In this article my aim to to provide an overview of how collection classes are organized in .Net framework.I will not be providing any code snippet or example on how to use List<T> or Dictionary<TKey,TValue> etc because we have used and have also come across plenty of code wherein these constructs are used.What I will be trying is to provide on how these collection classes are organized and how they have evolved with one version of .Net framework to another.
C# 1 : ArrayList and HashTable
The two most prominent collection classes available during C# 1.0 era or say during .Net 1.1 Framework where the ArrayList and the HashTable classes.These classes where included in the namespace :
namespace System.Collections
I hope that people are comfortable with the programming concept of interfaces and how they are used in Object Oriented Programming.Reason for this is that these classes(ArrayList and HashTable) implemented different interfaces which in turn contained different functionalities but their actual implementation varied from one class to another.
ArrayList
Interface’s Implemented by ArrayList
public class ArrayList : IList, ICollection, IEnumerable, ICloneable
Following screenshot highlights above declaration :
Note carefully that in above diagram the “ArrayList” class implements the Interfaces and inherits the “Object” class.Among all these interfaces its the “IList” interface which adds the core functionality to the ArrayList class(please don’t underestimate other interfaces,its just that I can’t cover them in this article).Following is the internals of “IList” interface as defined in the System.Collection namespace.
IList Interface
public interface IList : ICollection, IEnumerable
{
// Methods
int Add(object value);
void Clear();
bool Contains(object value);
int IndexOf(object value);
void Insert(int index, object value);
void Remove(object value);
void RemoveAt(int index);
// Properties
bool IsFixedSize { get; }
bool IsReadOnly { get; }
object this[int index] { get; set; }
}
Class diagram for IList interface
So its through the implementation of “IList” interface that ArrayList class gets functionalities like Add , Remove , Contains , RemoveAt etc.

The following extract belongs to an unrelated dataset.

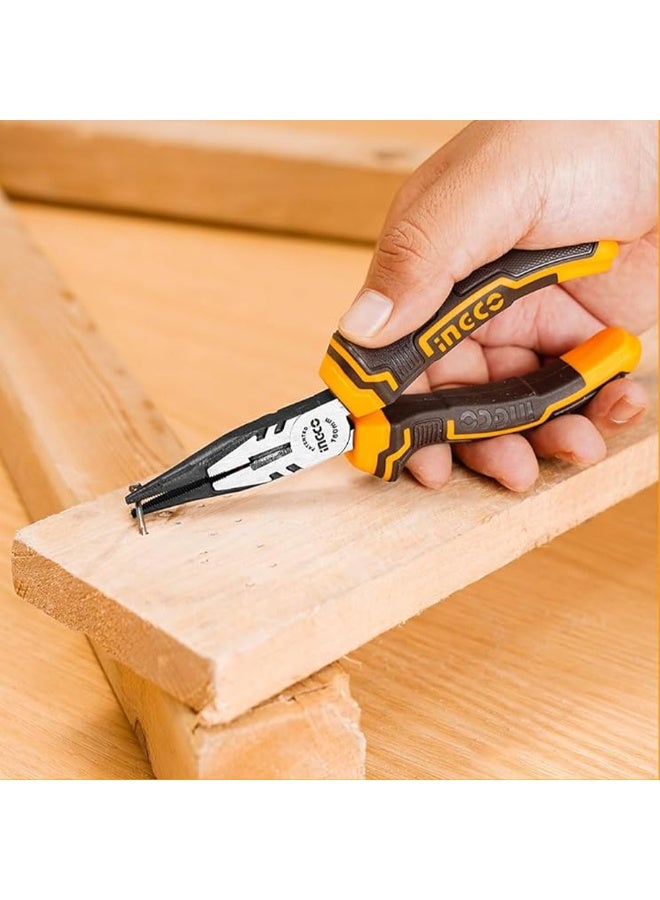 إنجكو كماشة ذات أنف طويل 6 بوصات (160 مم)، رأس رفيع للمناطق الضيقة والأعمال الدقيقة، لقطع ومسك المكونات الصغيرة مثل الأسلاك والبراغي، مقبض مريح غير قابل للانزلاق، مصنوعة من مواد متينة لضمان متانة طويلة الأمد حتى مع الاستخدام اليومي الكثيف، للكهربائيين والميكانيكيين وهواة الأعمال اليدوية. - Image 3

Interesting thing to note here is the declaration for IList members like Add() , Remove() , Contains(),Insert() and the indexer i.e.
object this[int index] { get; set; }
All these members either take a parameter of type “Object” or return a parameter of type “Object”.Now consider the following code snippet :
static void Main(string[] args)
{
ArrayList list = new ArrayList();
for (int i = 0; i < 10; i++)
list.Add(i);
foreach (Int32 item in list)
Console.WriteLine(item);
Console.ReadLine();
}
In the above program I am adding 10 items to the ArrayList and finally I am printing then on console.Now ArrayList expects a parameter of type “Object” or to be more specific it expects a reference type variable.But on the other hand what we are passing in above code is an instance of type Int32 which is actually a value type.In this case compiler has to perform some extra task which is commonly known as “Boxing”.In simple terms boxing occurs when a value type is converted into a reference type and its reverse is known as unboxing.Following is the IL(Intermediate Language) code generated by compiler for the above code snippet.I have removed most of the section for brevity purpose and only highlighted the portion where boxing and unboxing occurs.Unboxing occurs whenever we access an item in ArrayList in foreach loop.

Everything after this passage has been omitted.